Detect hash collisions

kuzmandi · October 15, 2021, 12:03pm

I know, we have had the topic here and there:

What happens if a blob of an new added backup results the same checksum as a blob that exists already in the repo? Restic would incorrectly de-duplicate the new data and in case of restore, incorrect data would be written (unnoticed, in the middle of some file).

It all boils down to extensive discussions about probability. But to really validate a backup, it is currently necessary to restore it after completion and compare it byte-by-byte.

I would like to take this up again. Would it make sense to add a validation parameter, which automates this with a dry-run restore-and-comparing after completion if a backup?
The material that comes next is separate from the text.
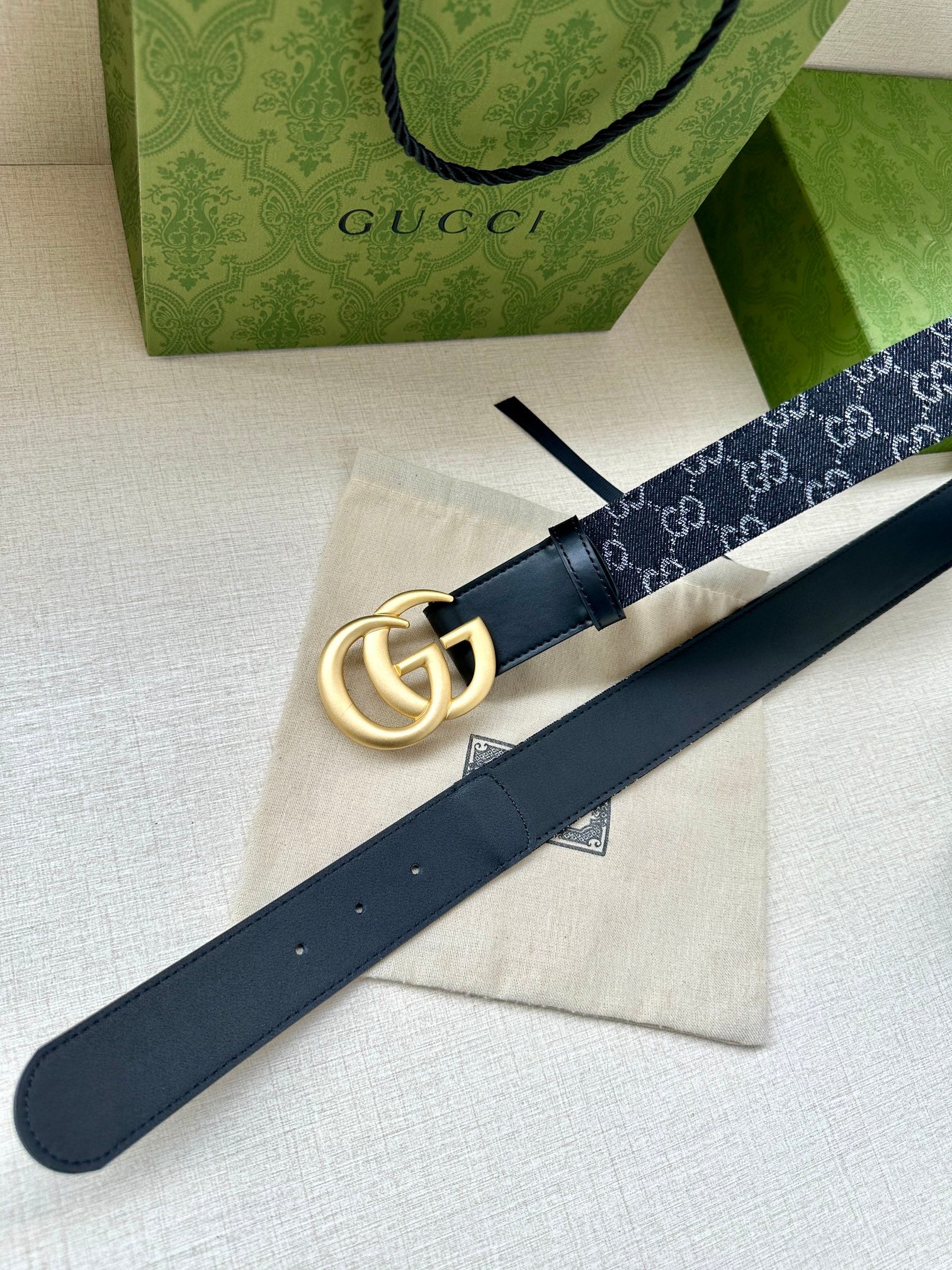 Gucci belt laid flat: dark navy GG strap with gold-tone double-G buckle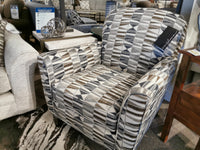 The Trendline 356 Chair with a geometric pattern is showcased in a store beside a beige chair and wooden side table.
In a further development step, maybe the affected file could be read again and it’s blobs modified in some way (maybe simply divided) to fix the problem.

What do you think?

rawtaz · October 15, 2021, 12:23pm

It is indeed a discussion about probability. Have you seen how low of a probability there is that there would be a collision? Do you realize that the widely used Git has the same type of “issue”? If yes, are you proposing a workaround for Git too? If not, what makes it acceptable there but not here?

My personal opinion is that this is a non-issue in all practical aspects. Do you have a use case where this is an actual problem?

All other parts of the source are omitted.